I discovered him purely by chance about 2-3 years ago. I was out, I had a radio with me and I found a piece for organ and orchestra playing on a Welsh-language station (I know very little Welsh), and it had me hooked for its half-hour duration. I found out afterwards that it was Mathias' Organ Concerto (which NEEDS to be commerically recorded!)

Then a year ago, I found a disc for sale in a charity shop featuring his Symphonies Nos. 1 & 2, and I really got into those works (especially No. 2) and started delving further. As of now, I only have one other disc of his (Lux aeterna), but I intend to get more when I can.


----------



## MagneticGhost

*William Mathias (1934 - 1992)*

William Mathias (1934-1992) was a Welsh Composer who composed a wide range of orchestral, choral and chamber works.)

From Wiki


> Mathias was born in Whitland, Carmarthenshire. A child prodigy, he started playing the piano at the age of three and began composing at the age of five. At Aberystwyth University, Mathias was a member of The Elizabethan Madrigal Singers and wrote 'Gloria in Excelsis Deo' for them in 1954. He studied at the Royal Academy of Music under Lennox Berkeley, where he was elected a fellow in 1965. In 1968, he was awarded the Bax Society Prize of the Harriet Cohen International Music Award. He was professor of music and head of department in the University of Wales, Bangor, from 1970 until 1988.
> 
> His compositions include large scale works, including an opera, The Servants (1980), three symphonies and three piano concertos. Much of his music was written for the Anglican choral tradition, most famously the anthem Let the people praise Thee, O God written for the July 1981 royal wedding of the Prince and Princess of Wales, which had a television audience of an estimated 1 billion people worldwide.
> 
> Mathias wrote his Sinfonietta - initially called Dance Suite - for the Leicestershire Schools Symphony Orchestra (LSSO) in late 1966, and it received its first performance at Leicester De Montfort Hall during the 1967 Schools Festival. It was also included in the orchestra's tour programme for Denmark and Germany later in the year. The LSSO made the first commercial recording of Sinfonietta for the Pye Golden Guinea label in July 1967 under the direction of the composer (see external links below).
> 
> He founded the North Wales International Music Festival in St Asaph in 1972 and directed it until his death in 1992.
> 
> He is buried outside St Asaph Cathedral, at St Asaph, Denbighshire, North Wales.


I actually studied Music at Bangor but shortly after Mathias had retired and shortly before his untimely death.
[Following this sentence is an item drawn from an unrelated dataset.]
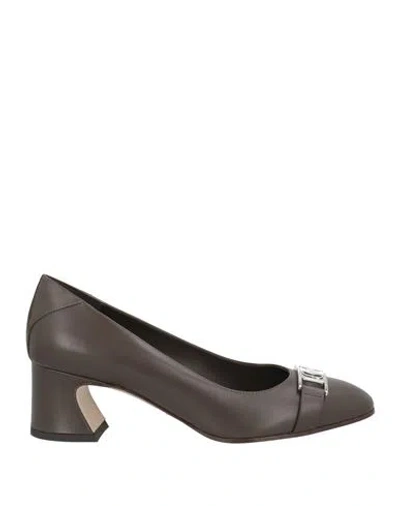 Ferragamo Woman Pumps Dark Brown Size 10 Leather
I never actually met him - but his spirit was all pervasive and we played some his pieces in the College Orchestra.

I was suddenly moved this week (due to hearing a couple of his organ works on a compliation) to start exploring more of his music. 
His Organ works are first rate. His symphonies are well worth a listen and his String Quartets are superb.
Happy Explorations to continue.


----------



## elgar's ghost

Hear hear - a fine composer. All credit to the likes of Lyrita and Nimbus for recording a fair portion of his material. I don't have any of the vocal or keyboard works but I've always liked the symphonies, quartets and violin sonatas as well as some of the stand-alone orchestral pieces such as Helios. He wrote a really neat oboe concerto, too.


----------



## MagneticGhost

I bought this a few days back and haven't had a chance to listen to it yet. It has Helios and the Oboe Concerto plus Symphony No.3 which I've only heard the once. I'll be listening to it a little later.


----------



## elgar's ghost

MagneticGhost said:


> View attachment 64508
> 
> 
> I bought this a few days back and haven't had a chance to listen to it yet. It has Helios and the Oboe Concerto plus Symphony No.3 which I've only heard the once. I'll be listening to it a little later.


Yes, that's the disc I was referring to. My advice is that if you see a Mathias recording going cheap at the market place then snaffle it up - some of them are quite pricey now. The ones I want next are the Somm and Lyrita discs that feature his three piano concertos and the concertos for clarinet and harp.


----------



## Kivimees

My only CD is this one:









Two very nice symphonies.


----------